I think the key to thinking intuitively about the influence function in our work on AMIP is this: Lineraization approximates a complicated estimator with a simple sum. If you can establish that the linearization provides a good approximation, then you can reason about your complicated estimator by reasoning about sums. And sums are easy to reason about.
Specifically, suppose you have data weights \(w = (w_1, \ldots, w_N)\) and an estimator \(\phi(w) \in \mathbb{R}\) which depends on the weights in some complicated way. Let \(\phi^{lin}\) denote the first-order Taylor series expansion around the unit weight vector \(\vec{1} := (1, \ldots, 1)\)
\[ \phi^{lin}(w) := \phi(\vec{1}) + \sum_{n=1}^N \psi_n (w_n - 1) = \phi(\vec{1}) + \sum_{n=1}^N \psi_n w_n \quad\textrm{where}\quad \psi_n := \frac{\partial \phi(w)}{\partial w_n}\Bigg|_{\vec{1}}, \]
and we have used the fact that \(\sum_{n=1}^N \psi_n = 0\) for Z-estimators. (For situations where \(\sum_{n=1}^N \psi_n \ne 0\), just keep that sum around, and everything I say in this post still applies.) Thinking now of \(\psi\) as data, we can (in some abuse of notation) write \(\phi^{lin}(\psi) = \phi(\vec{1}) + \sum_{n=1}^N \psi_n\).

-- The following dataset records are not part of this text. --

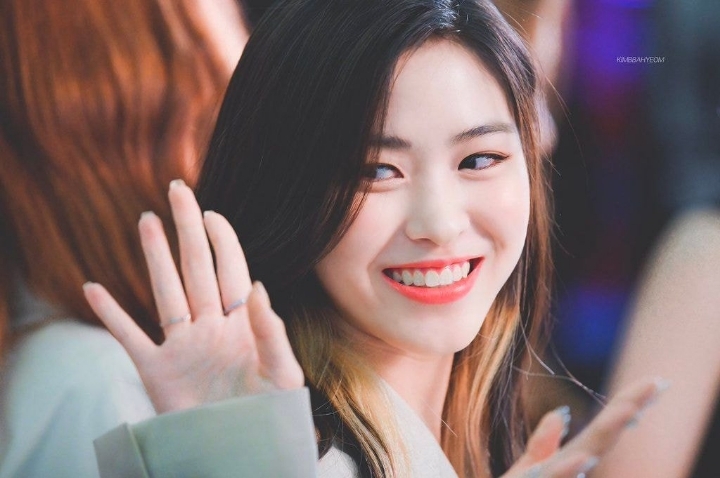 웹툰 속 쿨한 캐릭터가 떠오르는 ITZY 있지 류진 | 인스티즈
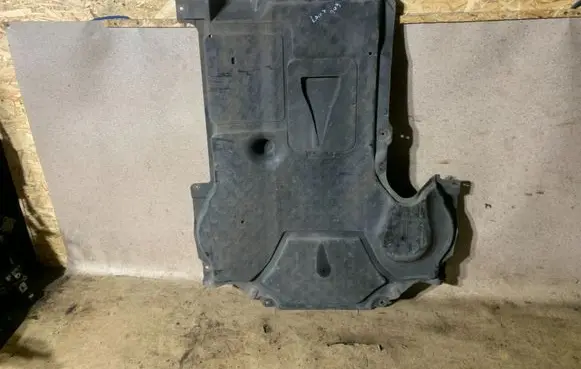 Mercedes-Benz CLS C218 X218 Engine splash shield/under tray 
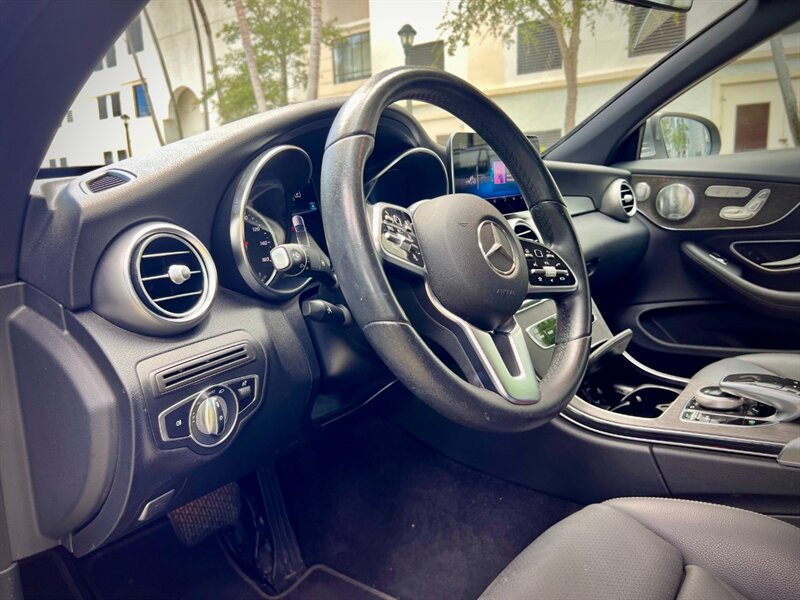2019 Mercedes Benz C 300 photo 22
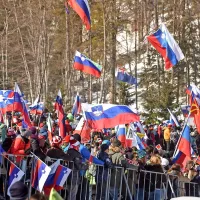 Slovenija tretja na ekipni tekmi v Planici, zmaga Norve&scaron;ki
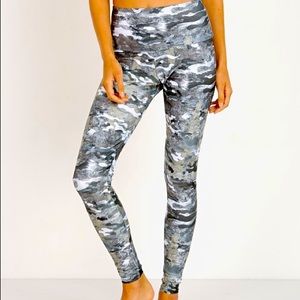 Onzie
High Rise Legging Marble Camo size M/L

If \(\phi^{lin}(w)\) is a good approximation to \(\phi(w)\), then the effect of leaving a datapoint out of \(\phi(w)\) is well-approximated by the effect of leaving the corresponding entry out of \(\psi\) in \(\phi^{lin}(\psi)\). We have, in effect, replaced a complicated data dependence with a simple sum of terms. This is what linearization does for us. (NB: if our original estimator had been a sum of the data, the linearization would be exact!)
Typically \(\psi_n = O_p(N^{-1})\), so it’s a little helpful to define \(\gamma_n := N \psi_n\). We then can write:
\[ \phi^{lin}(\gamma) := \phi(\vec{1}) + \frac{1}{N}\sum_{n=1}^N \gamma_n. \]

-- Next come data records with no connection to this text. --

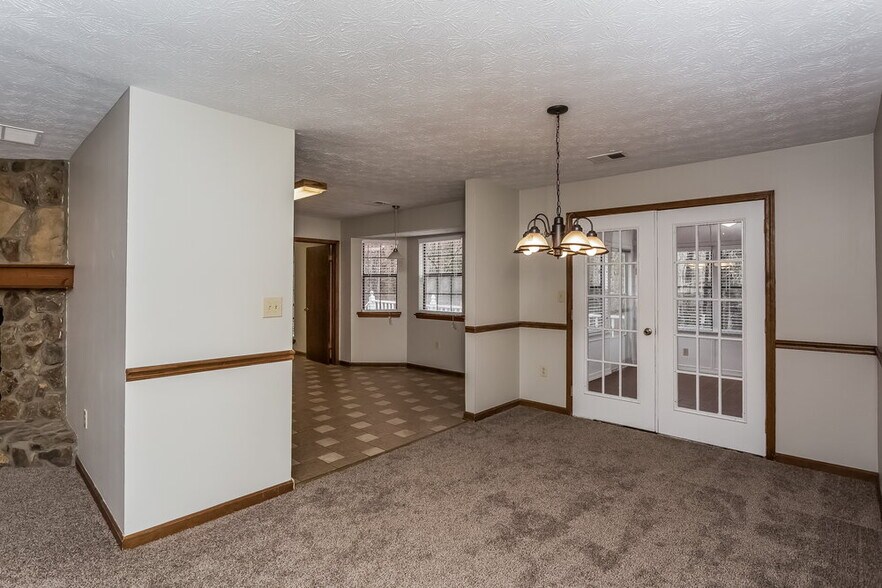 Building Photo - 295 Summertown Dr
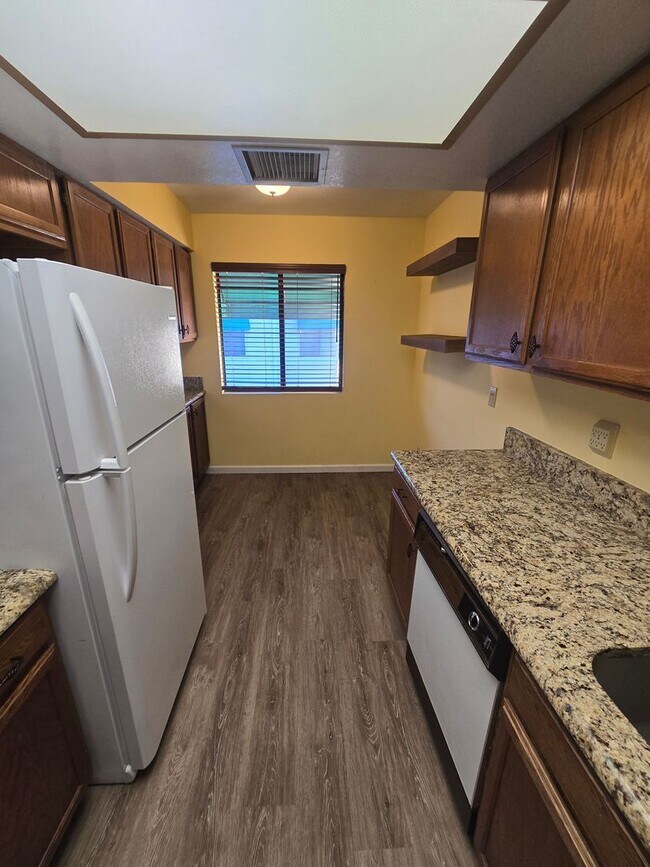 Building Photo - Beautiful 2 bedroom, 2 bath Condo available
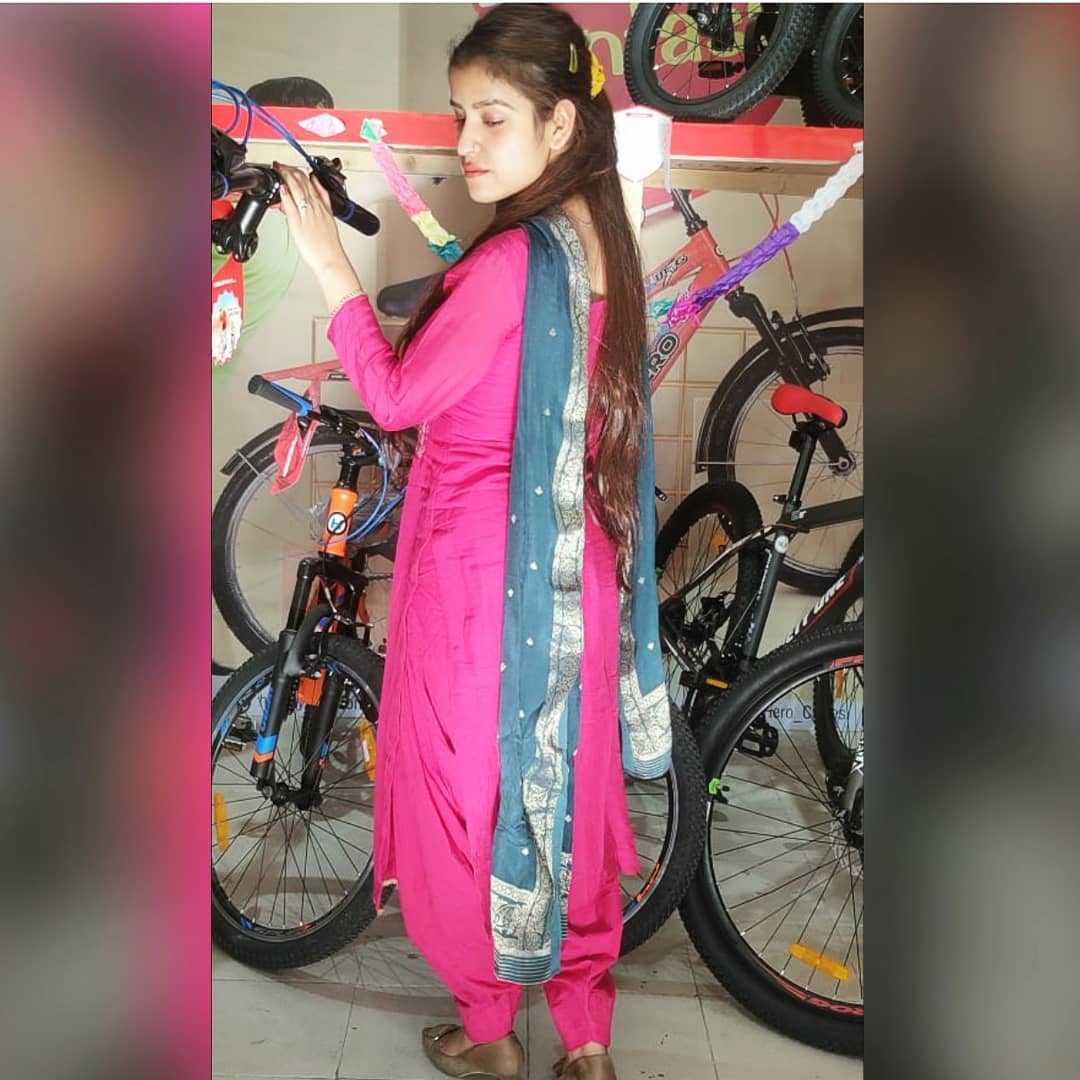 Smayara15's tweet photo. कुछ झूठे लोगों का ये परिचय असली है,
चेहरे तो नकली है पर अभिनय असली है…
❤️💛 https://t.co/XgidWquxG2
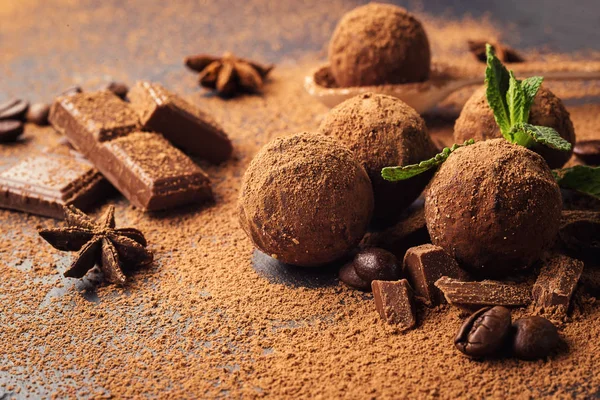 Chocolate truffle, Truffle chocolate candies with cocoa powder.Homemade fresh energy balls with chocolate.Gourmet assorted truffles made by chocolatier.Chunks of chocolate and coffee beans — стоковое фото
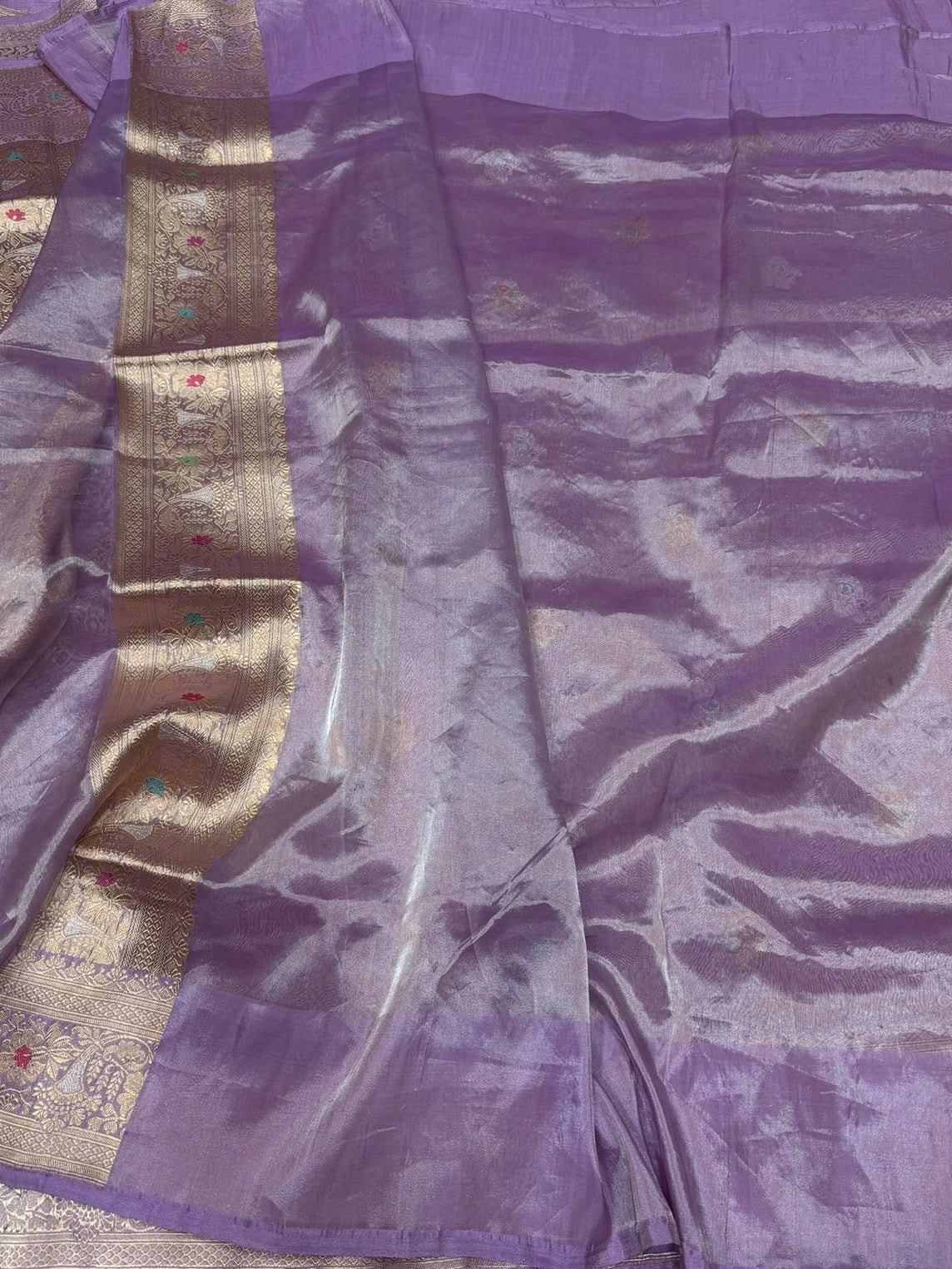 Lavender Handwoven Pure Banarasi Tissue Saree - Image 2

We can now ask what kinds of changes we can produce in \(\phi^{lin}(\gamma)\) by dropping entries from \(\gamma\) (while keeping \(N\) the same), and some of the core conclusions of our paper become obvious. Definitionally, \(\sum_{n=1}^N \gamma_n = 0\). For example, if we drop \(\alpha N\) points, for some fixed \(0 < \alpha < 1\), then the amount we can change the sum \(\frac{1}{N}\sum_{n=1}^N \gamma_n\) does not vanish, no matter how large \(N\) is, and no matter how small \(\alpha\) is. The amount you can change the sum \(\frac{1}{N}\sum_{n=1}^N \gamma_n\) also obviously depends on the tail shape of the distribution of the \(\gamma_n\), as well as their absolute scale. Increasing the scale (i.e., increasing the noise) obviously increases the amount you can change the sum. And, for a given scale (i.e., a given \(\frac{1}{N} \sum_{n=1}^N \gamma_n^2)\), you will be able to change the sum by the most when the left-out \(\gamma_n\) all take the same value.

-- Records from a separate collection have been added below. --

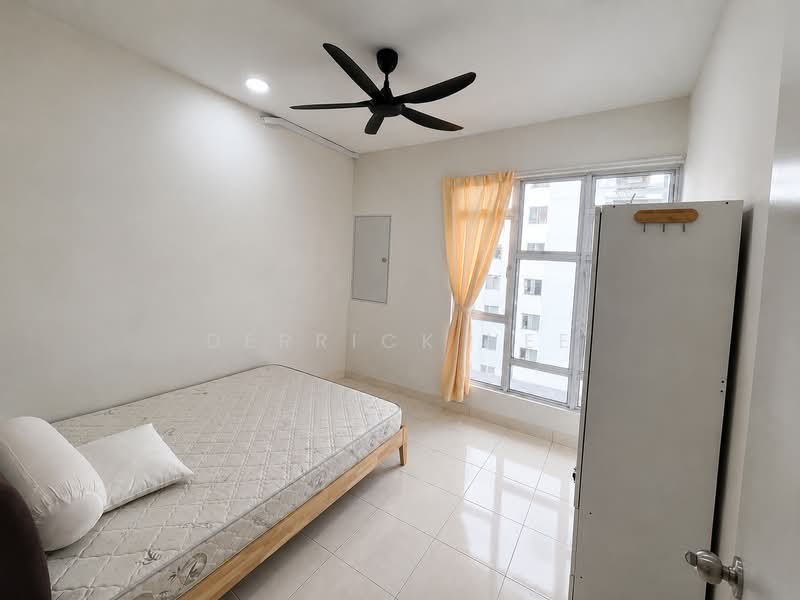 Pangsapuri untuk Disewa di Residensi Rumpun Bahagia (Residensi Melaka Tengah 1) - Derrick Yee - Bedroom - PropertyGuru.com.my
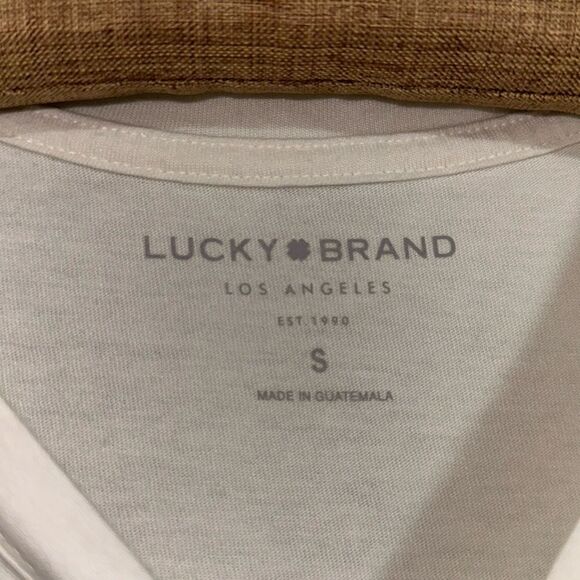 Lucky Brand S Ivory Classic Navy Logo Short Sleeve Tee Cloud Dancer - Picture 8 of 11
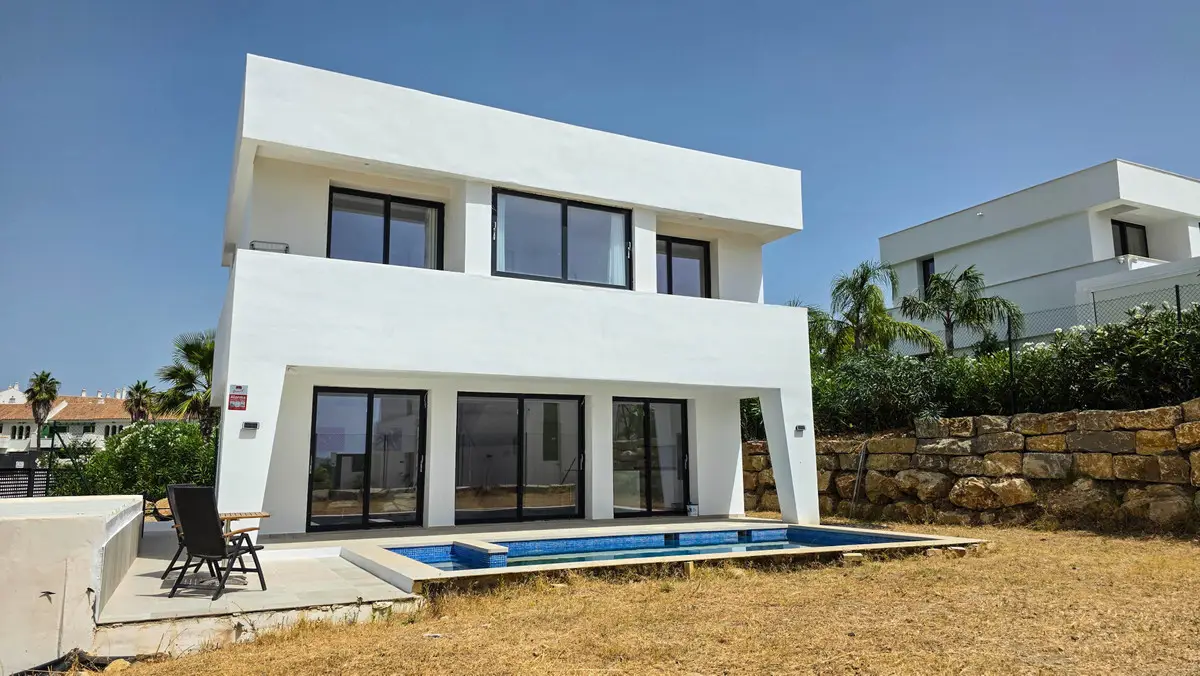 Detached Villa for sale in La Duquesa — photo 1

So one way to think about AMIP is this: we provide a good approximation to your original statistic that takes the form of a simple sum over your data. Dropping datapoints corresponds to dropping data from this sum. You can then think about whether dropping sets that are selected in a certain way are reasonable or not in terms of dropping entries from a sum, about which it’s easy to have good intutition!